Journal of Applied Mathematics
Volume 2012 (2012), Article ID 696849, 21 pages
Research Article

Numerical Solutions of Stochastic Differential Equations with Piecewise Continuous Arguments under Khasminskii-Type Conditions

1Department of Mathematics, Harbin Institute of Technology, Harbin 150001, China
2Institute of Mathematical Sciences, Daqing Normal University, Daqing 163712, China

Received 9 April 2012; Accepted 13 June 2012

Academic Editor: F. Marcellán

Copyright © 2012 Minghui Song and Ling Zhang. This is an open access article distributed under the Creative Commons Attribution License, which permits unrestricted use, distribution, and reproduction in any medium, provided the original work is properly cited.
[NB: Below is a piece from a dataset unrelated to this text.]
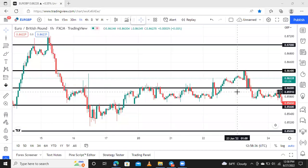Welcome to On Point FX. Make sure you subscribe to On Point FX, pay attention, watch the video to the end, and get some amazing tips which you never thought would work in the market for you. This is going to bless your trading strategy. Let's move through to the deal.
The main purpose of this paper is to investigate the convergence of the Euler method to stochastic differential equations with piecewise continuous arguments (SEPCAs). The classical Khasminskii-type theorem gives a powerful tool to examine the global existence of solutions for stochastic differential equations (SDEs) without the linear growth condition by the use of the Lyapunov functions. However, there is no such result for SEPCAs. Firstly, this paper shows SEPCAs which have nonexplosion global solutions under local Lipschitz condition without the linear growth condition. Then the convergence in probability of numerical solutions to SEPCAs under the same conditions is established. Finally, an example is provided to illustrate our theory.